> Task prompt
Copy every entry exactly, but skip the pictures.

> Image-text web data

+--

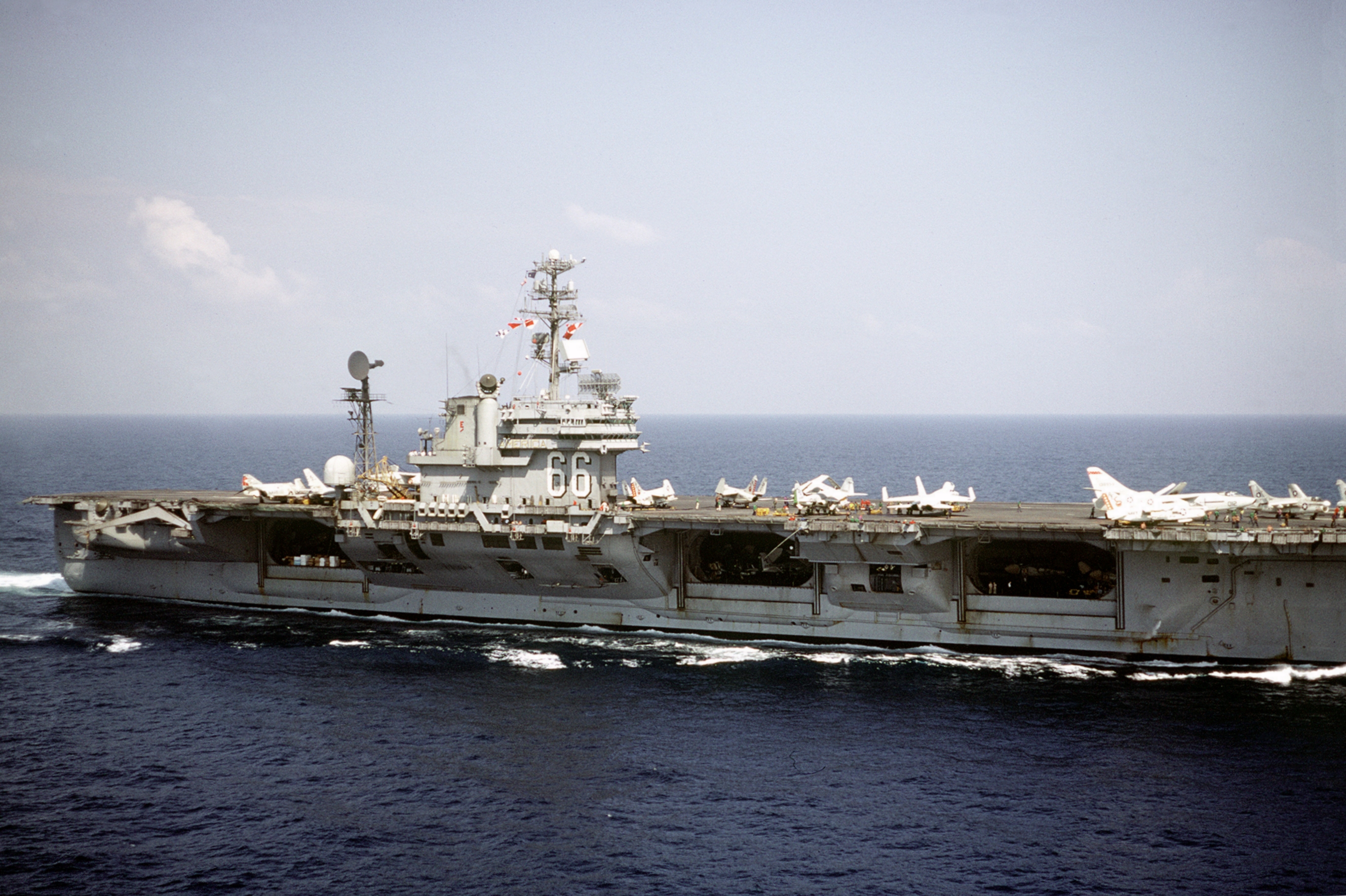 美国"小鹰"级航空母舰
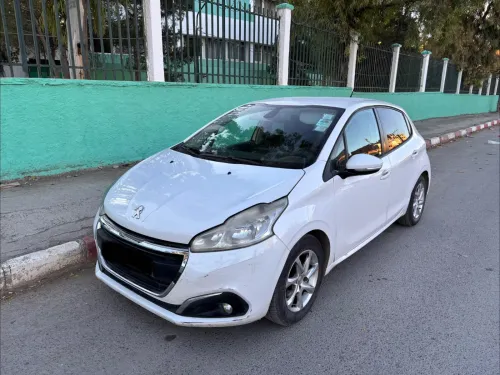 Peugeot 208 2016 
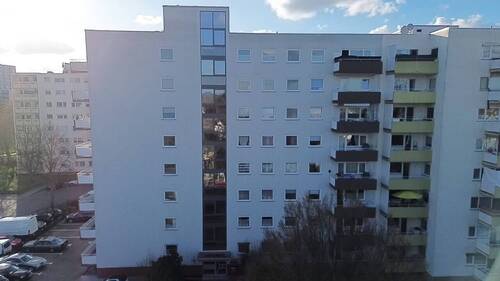 Straßenansicht - 2 Zimmer Etagenwohnung zum Kaufen in Hanau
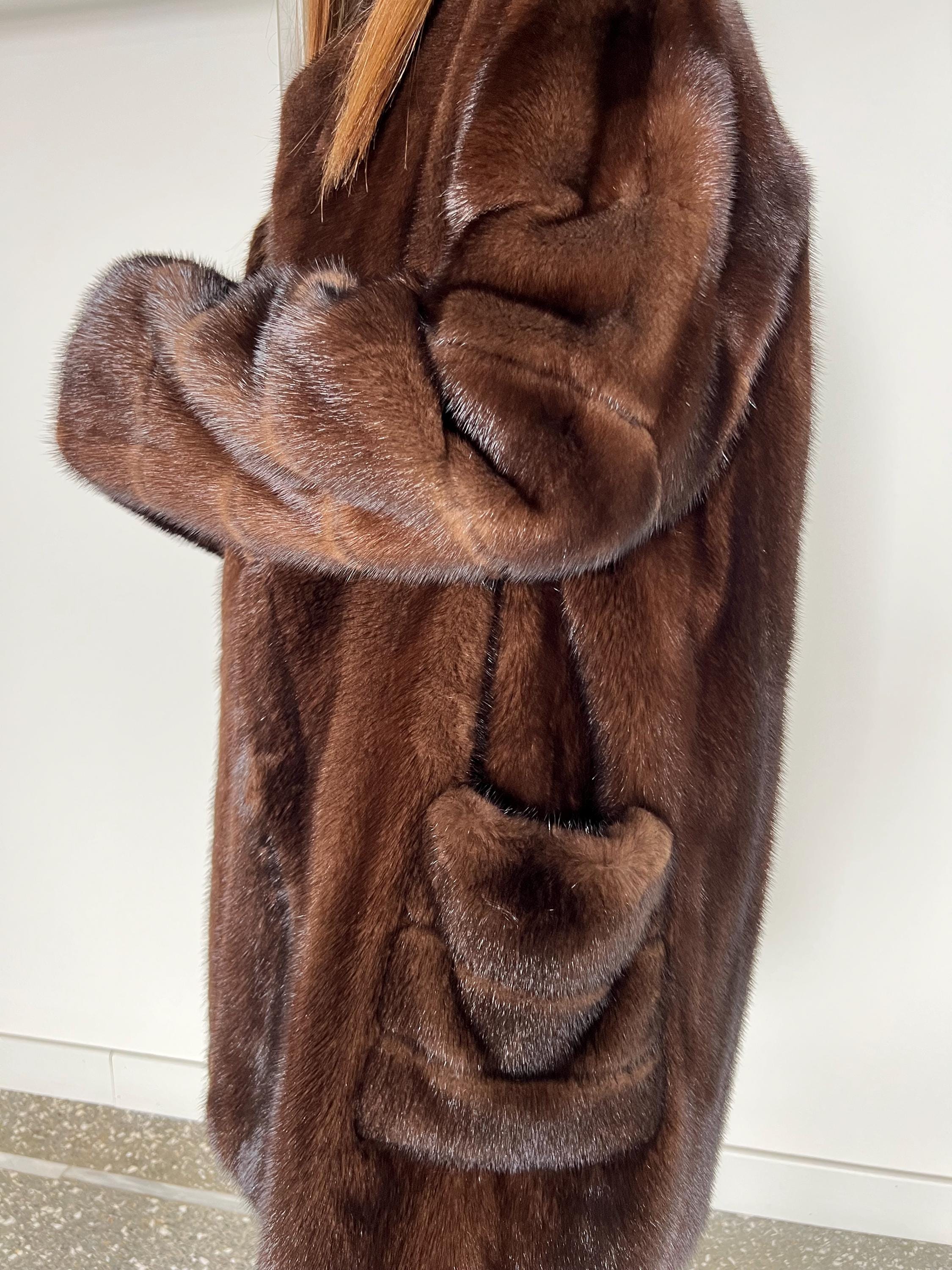 本物のブラウンミンクファージャケット：サガ デミ バフカラーコート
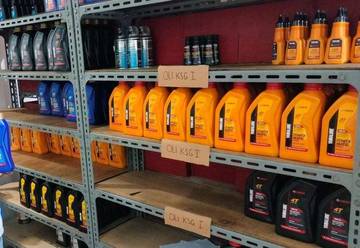 Gunakan Oli Mesin Asli Sesuai Spesifikasi Kendaraan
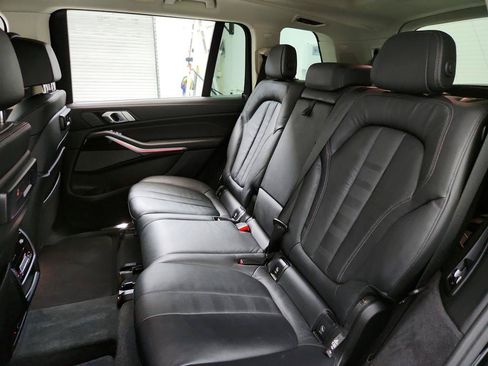 Used 2019 BMW X7 xDrive40i w/ Premium Package AWD/4WD image 23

+--

> Result of this exercise
 美国"小鹰"级航空母舰
 Peugeot 208 2016 
 Straßenansicht - 2 Zimmer Etagenwohnung zum Kaufen in Hanau
 本物のブラウンミンクファージャケット：サガ デミ バフカラーコート
 Gunakan Oli Mesin Asli Sesuai Spesifikasi Kendaraan
 Used 2019 BMW X7 xDrive40i w/ Premium Package AWD/4WD image 23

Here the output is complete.